WHAT THE EXERCISE ASKS:
All lines in the records below that hold "Pure" are to be shown.

MATERIAL SUPPLIED:
=-=-=-=-=
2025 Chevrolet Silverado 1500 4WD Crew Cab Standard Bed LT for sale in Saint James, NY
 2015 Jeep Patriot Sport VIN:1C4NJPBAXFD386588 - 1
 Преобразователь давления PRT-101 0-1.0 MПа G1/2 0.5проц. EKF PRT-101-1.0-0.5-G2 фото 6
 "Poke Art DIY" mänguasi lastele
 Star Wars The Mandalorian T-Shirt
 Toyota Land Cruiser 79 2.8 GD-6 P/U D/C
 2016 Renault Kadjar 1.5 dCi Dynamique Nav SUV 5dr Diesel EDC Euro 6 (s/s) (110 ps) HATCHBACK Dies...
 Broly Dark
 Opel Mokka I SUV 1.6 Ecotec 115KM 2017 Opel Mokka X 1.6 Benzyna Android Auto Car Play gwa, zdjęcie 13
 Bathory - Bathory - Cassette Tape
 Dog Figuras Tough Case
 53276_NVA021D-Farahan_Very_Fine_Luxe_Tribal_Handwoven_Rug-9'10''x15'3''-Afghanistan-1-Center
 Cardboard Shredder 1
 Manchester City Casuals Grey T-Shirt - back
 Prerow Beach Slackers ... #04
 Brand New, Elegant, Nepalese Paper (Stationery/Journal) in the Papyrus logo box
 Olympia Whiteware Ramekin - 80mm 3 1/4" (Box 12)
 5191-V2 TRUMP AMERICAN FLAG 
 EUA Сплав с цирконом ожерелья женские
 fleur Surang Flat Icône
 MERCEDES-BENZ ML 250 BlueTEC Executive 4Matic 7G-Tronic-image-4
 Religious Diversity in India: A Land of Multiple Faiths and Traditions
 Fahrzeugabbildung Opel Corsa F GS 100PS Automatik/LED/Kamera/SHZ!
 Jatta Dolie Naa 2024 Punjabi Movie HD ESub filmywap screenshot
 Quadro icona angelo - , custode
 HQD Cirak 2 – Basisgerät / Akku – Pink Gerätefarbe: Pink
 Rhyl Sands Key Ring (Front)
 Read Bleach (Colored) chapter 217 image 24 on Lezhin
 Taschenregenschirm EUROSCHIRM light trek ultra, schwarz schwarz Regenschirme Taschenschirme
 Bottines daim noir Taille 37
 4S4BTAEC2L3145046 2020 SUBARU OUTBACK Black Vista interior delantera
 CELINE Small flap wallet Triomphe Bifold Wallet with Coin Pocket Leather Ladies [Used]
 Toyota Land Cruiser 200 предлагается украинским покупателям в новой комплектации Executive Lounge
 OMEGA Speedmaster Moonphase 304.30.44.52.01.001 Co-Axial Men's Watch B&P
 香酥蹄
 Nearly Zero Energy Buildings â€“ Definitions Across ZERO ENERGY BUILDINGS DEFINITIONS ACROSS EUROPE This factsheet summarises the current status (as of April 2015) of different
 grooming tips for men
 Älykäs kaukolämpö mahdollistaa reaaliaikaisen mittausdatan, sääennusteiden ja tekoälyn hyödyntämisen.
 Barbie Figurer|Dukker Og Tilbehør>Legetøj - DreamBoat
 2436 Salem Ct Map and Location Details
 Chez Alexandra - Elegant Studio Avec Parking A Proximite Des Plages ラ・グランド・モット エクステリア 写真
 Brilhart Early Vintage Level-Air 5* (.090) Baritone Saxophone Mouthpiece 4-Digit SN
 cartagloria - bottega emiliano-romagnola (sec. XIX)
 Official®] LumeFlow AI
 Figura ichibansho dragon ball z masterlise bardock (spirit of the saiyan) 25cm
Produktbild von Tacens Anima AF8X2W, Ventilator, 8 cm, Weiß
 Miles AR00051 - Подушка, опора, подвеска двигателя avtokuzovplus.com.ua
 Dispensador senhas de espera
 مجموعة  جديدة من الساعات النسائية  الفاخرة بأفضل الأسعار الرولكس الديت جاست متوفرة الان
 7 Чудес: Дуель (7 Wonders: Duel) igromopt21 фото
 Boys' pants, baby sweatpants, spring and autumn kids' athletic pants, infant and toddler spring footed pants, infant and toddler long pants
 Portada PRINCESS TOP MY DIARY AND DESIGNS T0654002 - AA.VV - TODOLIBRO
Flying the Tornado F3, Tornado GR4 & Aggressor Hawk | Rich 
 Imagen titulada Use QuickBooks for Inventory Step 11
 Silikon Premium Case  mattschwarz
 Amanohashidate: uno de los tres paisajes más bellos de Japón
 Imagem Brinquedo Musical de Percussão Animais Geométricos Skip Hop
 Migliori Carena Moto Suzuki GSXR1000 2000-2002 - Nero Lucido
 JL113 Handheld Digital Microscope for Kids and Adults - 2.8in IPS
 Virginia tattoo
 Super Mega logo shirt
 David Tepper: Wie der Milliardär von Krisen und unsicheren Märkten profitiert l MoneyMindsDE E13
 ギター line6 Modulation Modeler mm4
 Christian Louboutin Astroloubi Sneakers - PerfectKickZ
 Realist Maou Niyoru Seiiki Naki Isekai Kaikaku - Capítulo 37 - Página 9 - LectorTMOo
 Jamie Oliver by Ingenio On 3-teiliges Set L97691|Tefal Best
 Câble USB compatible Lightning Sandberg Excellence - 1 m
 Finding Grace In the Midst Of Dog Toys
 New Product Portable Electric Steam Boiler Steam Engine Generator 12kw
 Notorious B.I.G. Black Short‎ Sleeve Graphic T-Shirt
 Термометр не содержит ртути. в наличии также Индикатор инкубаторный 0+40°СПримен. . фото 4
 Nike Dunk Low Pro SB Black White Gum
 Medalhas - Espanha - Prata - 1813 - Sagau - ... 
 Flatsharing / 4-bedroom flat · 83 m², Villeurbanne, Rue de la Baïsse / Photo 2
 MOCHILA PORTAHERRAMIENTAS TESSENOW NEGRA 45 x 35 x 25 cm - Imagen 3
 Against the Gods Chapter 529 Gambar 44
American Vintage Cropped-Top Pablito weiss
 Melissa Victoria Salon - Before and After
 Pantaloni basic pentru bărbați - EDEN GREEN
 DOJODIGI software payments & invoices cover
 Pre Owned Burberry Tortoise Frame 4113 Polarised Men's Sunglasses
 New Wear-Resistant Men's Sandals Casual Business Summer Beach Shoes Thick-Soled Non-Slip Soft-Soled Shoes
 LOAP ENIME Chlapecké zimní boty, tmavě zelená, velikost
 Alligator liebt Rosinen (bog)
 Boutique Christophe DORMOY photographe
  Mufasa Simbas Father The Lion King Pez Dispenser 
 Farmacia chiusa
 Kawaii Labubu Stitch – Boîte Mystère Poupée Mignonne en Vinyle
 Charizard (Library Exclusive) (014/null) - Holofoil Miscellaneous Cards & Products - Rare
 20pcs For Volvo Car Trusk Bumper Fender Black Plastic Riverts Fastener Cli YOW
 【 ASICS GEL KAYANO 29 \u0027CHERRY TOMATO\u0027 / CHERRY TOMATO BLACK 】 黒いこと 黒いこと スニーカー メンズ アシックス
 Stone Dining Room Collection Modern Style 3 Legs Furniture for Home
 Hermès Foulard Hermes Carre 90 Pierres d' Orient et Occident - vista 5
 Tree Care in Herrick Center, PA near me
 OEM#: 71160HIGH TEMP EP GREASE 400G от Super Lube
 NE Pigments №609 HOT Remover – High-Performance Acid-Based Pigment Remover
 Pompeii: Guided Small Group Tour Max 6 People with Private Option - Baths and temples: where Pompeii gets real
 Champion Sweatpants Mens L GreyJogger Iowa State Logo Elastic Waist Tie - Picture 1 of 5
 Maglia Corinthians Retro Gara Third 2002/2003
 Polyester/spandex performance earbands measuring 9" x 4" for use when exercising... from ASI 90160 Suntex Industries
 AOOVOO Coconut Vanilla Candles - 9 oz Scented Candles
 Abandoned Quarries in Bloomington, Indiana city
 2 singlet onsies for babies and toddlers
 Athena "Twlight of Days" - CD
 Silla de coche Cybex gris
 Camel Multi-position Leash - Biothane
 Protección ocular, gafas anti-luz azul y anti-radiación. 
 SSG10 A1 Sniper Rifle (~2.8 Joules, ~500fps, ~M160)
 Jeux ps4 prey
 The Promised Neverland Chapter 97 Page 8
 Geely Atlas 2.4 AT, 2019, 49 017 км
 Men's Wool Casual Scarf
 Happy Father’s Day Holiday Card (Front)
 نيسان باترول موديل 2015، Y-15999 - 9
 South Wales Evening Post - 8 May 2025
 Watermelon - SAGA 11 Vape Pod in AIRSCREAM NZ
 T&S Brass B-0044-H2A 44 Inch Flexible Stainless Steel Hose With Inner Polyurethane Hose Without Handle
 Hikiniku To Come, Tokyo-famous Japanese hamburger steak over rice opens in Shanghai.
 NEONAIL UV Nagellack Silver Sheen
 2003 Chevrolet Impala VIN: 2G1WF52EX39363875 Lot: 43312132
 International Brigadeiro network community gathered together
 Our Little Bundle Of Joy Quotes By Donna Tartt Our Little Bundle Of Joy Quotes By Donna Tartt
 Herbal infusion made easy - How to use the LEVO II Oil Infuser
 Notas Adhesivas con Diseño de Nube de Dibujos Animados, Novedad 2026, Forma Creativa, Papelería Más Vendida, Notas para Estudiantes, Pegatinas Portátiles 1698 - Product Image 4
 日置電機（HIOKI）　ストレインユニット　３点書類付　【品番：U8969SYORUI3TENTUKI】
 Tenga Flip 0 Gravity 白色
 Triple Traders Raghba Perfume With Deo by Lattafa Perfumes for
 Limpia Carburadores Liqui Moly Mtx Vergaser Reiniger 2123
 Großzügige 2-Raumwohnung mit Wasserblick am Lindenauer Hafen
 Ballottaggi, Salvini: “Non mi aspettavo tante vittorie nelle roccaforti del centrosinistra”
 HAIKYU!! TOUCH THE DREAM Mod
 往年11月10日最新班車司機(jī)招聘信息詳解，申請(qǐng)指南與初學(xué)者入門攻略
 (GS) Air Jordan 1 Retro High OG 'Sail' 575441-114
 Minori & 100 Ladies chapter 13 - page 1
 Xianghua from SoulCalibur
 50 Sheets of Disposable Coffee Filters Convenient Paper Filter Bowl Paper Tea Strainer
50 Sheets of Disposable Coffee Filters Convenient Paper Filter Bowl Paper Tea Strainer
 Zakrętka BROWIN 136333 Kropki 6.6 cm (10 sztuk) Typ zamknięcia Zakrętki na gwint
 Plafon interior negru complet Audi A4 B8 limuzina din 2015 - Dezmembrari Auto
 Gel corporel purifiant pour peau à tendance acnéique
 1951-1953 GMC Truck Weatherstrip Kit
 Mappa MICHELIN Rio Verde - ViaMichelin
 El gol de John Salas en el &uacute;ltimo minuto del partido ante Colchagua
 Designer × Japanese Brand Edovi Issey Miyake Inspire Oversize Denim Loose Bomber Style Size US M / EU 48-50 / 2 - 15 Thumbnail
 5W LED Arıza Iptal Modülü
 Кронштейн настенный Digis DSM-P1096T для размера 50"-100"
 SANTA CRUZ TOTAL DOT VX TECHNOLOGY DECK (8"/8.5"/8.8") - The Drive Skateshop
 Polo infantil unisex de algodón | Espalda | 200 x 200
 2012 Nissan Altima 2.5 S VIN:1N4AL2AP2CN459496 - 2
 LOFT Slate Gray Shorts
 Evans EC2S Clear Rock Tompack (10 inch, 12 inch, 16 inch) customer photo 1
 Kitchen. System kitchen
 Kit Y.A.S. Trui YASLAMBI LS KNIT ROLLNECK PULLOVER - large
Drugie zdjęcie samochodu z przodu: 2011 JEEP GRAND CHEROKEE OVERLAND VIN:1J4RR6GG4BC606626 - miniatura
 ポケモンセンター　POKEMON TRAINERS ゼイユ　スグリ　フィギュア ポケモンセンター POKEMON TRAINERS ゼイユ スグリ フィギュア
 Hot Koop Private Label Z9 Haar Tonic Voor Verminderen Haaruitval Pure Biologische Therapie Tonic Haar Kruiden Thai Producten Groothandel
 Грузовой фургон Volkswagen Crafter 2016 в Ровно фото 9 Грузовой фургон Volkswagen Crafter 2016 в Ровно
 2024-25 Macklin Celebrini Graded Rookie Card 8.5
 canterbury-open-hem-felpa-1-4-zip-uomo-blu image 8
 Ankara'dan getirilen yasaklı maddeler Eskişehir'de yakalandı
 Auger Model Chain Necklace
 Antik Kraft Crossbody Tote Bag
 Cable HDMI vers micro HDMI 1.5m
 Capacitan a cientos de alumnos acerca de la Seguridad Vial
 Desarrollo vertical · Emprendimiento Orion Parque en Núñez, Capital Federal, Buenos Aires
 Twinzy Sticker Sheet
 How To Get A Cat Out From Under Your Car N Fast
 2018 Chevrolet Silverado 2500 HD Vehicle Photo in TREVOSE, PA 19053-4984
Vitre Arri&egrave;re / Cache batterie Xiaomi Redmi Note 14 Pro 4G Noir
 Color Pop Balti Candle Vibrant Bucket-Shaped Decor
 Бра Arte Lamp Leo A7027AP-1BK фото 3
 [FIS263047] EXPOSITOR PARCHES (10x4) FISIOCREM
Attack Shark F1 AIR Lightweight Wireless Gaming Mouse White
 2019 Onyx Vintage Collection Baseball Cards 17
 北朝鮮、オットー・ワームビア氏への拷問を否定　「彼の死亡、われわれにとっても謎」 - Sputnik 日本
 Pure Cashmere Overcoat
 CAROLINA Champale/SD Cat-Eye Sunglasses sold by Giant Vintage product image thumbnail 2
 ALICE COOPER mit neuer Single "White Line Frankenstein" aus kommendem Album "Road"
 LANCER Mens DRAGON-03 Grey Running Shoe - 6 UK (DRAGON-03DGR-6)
=-=-=-=-=
OUTPUT BELOW:
 Hot Koop Private Label Z9 Haar Tonic Voor Verminderen Haaruitval Pure Biologische Therapie Tonic Haar Kruiden Thai Producten Groothandel
 Pure Cashmere Overcoat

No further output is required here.